George Will writes about the upcoming hearing by the U.S. Supreme Court of the case against Biden’s student-loan ‘forgiveness’ lawlessness. Two slices:

In his State of the Union address, President Biden had thoughts about almost everything, even unto the crisis of hotel “resort fees.” He was, however, parsimonious with words — just a three-word boast about “reducing student debt” — concerning his policy of student loan forgiveness. His reticence about unilaterally spending, by executive fiat, about $400 billion perhaps reflected foreboding.

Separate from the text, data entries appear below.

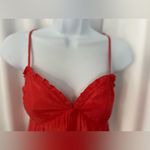 Source Unknown El Expensive Red Ruffle Hem Slip Dress/ Flowy Summer Dress (1095) Photo 6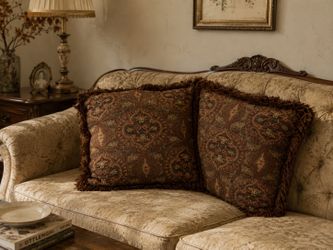Set of 2 (1980s Vintage Paisley Tapestry Throw Pillows | 20x20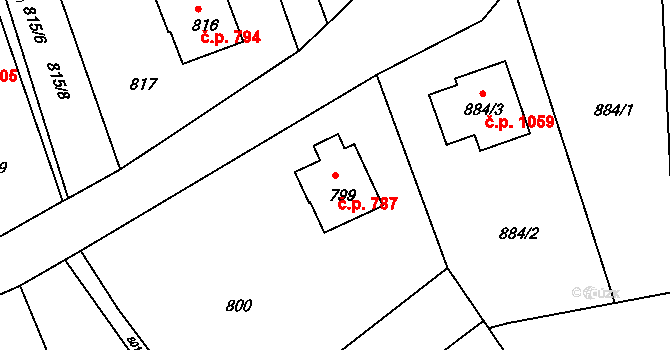 Štramberk 787 na parcele st. 799 v KÚ Štramberk, Katastrální mapa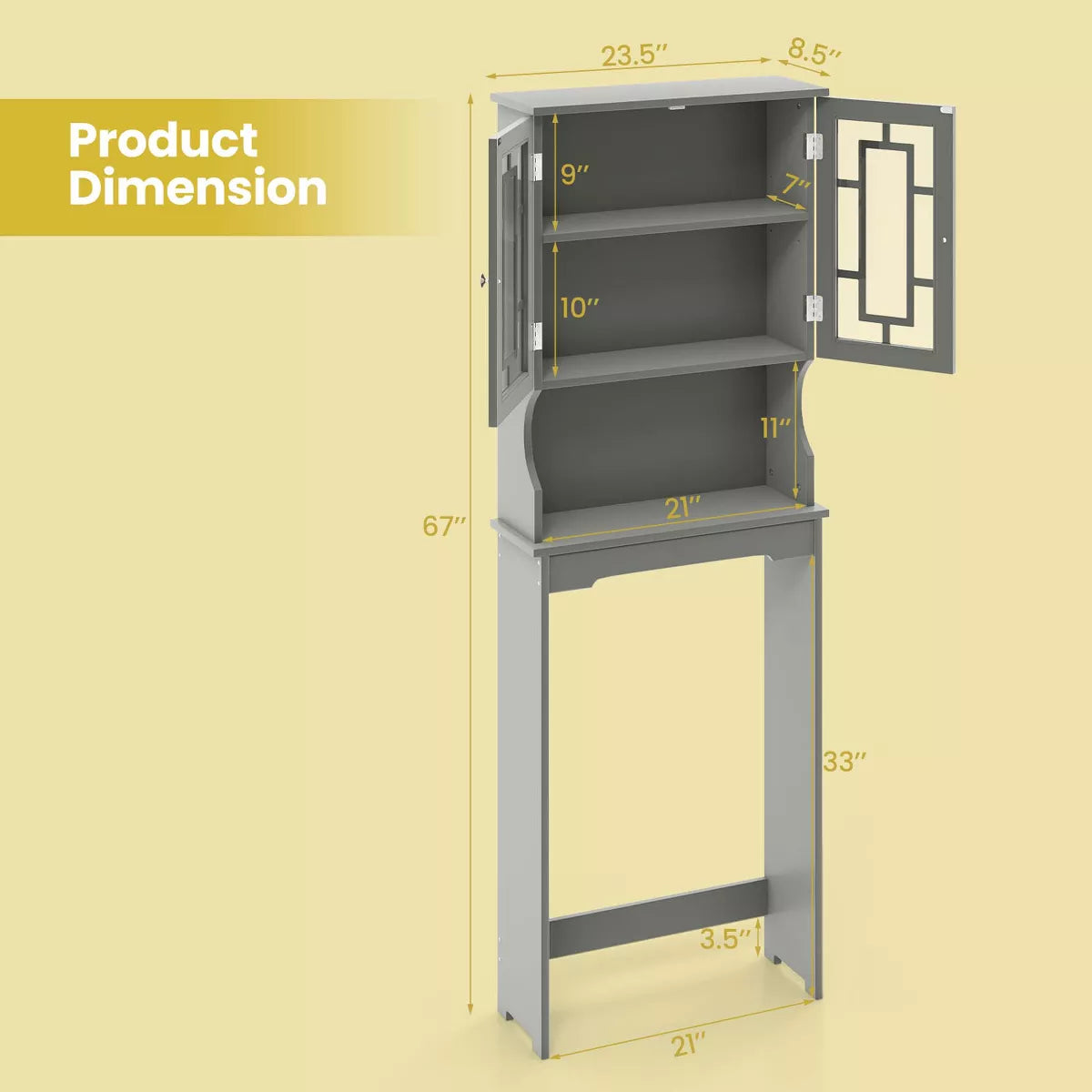 Costway over the Toilet Storage room Spacesaver Cabinet Tower Organizer Shelf & Doors White/Grey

He knew that on Feb. 28 the Supreme Court will hear oral arguments about his plan’s constitutionality. An amicus brief from 11 conservative intellectuals, with impressive judicial and executive branch experience, demonstrates that Biden’s behavior is a particularly egregious example of lawlessness committed by presidents of both parties. Were Biden to succeed, the nation’s constitutional architecture would be irrevocably altered.

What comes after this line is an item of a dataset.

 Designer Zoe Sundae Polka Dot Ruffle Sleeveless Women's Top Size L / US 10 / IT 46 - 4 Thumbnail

The Magnificent Eleven note that the framers considered the power of the purse “the central and most important constitutional power reserved exclusively to the legislative branch, enabling it to oversee and control virtually every activity of the federal government.” Hence the clarity of the appropriations clause: “No money shall be drawn from the Treasury, but in consequence of appropriations made by law.”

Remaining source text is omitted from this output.